Short web captions:
•••••

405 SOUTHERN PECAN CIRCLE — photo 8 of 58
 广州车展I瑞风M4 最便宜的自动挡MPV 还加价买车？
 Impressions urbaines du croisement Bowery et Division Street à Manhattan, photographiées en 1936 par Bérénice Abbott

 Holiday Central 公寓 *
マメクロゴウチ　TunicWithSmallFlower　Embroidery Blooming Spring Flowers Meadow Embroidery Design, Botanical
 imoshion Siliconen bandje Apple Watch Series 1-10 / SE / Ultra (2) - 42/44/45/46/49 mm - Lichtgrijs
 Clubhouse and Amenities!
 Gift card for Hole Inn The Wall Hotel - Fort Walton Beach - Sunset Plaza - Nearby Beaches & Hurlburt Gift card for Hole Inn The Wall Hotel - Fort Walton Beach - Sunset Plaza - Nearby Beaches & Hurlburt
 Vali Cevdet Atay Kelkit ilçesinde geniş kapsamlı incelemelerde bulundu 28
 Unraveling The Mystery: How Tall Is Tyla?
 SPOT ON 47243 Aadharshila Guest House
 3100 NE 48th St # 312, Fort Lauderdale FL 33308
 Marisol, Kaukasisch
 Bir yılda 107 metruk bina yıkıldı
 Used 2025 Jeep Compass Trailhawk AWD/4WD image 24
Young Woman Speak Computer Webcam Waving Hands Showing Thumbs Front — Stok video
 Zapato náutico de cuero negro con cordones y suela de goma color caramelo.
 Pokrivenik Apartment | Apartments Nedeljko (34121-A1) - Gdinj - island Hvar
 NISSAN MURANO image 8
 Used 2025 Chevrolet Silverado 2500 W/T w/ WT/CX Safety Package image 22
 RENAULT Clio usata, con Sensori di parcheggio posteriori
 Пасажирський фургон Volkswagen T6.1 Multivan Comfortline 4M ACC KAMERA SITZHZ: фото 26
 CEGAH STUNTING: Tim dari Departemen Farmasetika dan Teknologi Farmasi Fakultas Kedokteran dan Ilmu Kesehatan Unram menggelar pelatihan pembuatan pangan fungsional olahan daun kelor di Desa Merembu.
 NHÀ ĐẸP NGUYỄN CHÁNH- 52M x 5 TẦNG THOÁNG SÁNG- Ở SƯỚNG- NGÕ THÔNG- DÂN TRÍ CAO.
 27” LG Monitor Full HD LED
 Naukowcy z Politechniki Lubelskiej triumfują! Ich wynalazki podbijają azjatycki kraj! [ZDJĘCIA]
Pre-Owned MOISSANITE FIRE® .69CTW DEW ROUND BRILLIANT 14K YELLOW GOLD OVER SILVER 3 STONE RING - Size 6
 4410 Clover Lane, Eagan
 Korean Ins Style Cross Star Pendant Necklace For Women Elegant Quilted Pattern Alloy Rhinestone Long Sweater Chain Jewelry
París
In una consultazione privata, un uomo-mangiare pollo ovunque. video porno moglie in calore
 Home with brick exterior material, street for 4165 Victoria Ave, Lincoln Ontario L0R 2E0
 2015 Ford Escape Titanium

•••••

» **Task to carry out**:
What lines in the data include the string "image"? Copy each one.

» **Answer to the problem**:
 Used 2025 Jeep Compass Trailhawk AWD/4WD image 24
 NISSAN MURANO image 8
 Used 2025 Chevrolet Silverado 2500 W/T w/ WT/CX Safety Package image 22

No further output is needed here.